→ What you need to do:
Report each line from the listing that the string "Island" appears in.

→ Available data:
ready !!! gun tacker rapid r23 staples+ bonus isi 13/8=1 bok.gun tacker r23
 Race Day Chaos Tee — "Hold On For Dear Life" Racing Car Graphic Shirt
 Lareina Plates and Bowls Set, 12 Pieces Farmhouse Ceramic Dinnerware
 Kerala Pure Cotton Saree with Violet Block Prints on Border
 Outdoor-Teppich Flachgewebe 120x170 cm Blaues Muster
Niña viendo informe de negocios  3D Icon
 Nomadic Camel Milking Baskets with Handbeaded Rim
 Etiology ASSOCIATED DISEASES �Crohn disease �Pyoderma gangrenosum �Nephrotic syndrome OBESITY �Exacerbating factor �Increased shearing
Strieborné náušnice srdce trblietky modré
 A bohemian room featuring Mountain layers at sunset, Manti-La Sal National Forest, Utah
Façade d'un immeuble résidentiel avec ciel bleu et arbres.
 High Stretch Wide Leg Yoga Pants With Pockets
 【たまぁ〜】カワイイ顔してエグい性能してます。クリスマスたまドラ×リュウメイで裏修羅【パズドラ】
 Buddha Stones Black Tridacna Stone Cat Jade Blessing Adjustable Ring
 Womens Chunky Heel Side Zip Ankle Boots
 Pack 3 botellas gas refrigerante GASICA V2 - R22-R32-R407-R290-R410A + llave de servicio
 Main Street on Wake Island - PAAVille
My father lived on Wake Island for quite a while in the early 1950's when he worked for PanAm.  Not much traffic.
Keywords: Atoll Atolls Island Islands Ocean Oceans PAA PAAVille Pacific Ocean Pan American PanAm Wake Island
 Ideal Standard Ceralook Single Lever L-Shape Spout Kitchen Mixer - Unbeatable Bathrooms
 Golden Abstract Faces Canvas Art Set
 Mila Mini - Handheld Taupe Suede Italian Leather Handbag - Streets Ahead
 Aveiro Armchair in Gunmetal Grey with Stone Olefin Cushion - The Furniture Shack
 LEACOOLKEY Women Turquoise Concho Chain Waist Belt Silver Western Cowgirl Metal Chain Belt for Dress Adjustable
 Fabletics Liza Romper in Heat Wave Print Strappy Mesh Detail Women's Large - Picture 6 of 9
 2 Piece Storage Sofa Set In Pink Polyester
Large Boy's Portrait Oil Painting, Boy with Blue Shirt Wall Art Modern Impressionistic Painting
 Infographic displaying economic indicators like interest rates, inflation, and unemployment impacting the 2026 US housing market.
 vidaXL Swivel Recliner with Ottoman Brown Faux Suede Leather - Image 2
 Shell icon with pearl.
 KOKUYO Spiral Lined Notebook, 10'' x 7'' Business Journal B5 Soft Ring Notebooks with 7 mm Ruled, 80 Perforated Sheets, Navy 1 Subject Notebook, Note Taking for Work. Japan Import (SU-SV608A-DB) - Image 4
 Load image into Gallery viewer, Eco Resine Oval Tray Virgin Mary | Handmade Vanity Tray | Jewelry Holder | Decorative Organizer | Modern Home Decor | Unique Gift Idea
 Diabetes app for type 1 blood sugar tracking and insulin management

→ Answer section:
 Main Street on Wake Island - PAAVille
My father lived on Wake Island for quite a while in the early 1950's when he worked for PanAm.  Not much traffic.
Keywords: Atoll Atolls Island Islands Ocean Oceans PAA PAAVille Pacific Ocean Pan American PanAm Wake Island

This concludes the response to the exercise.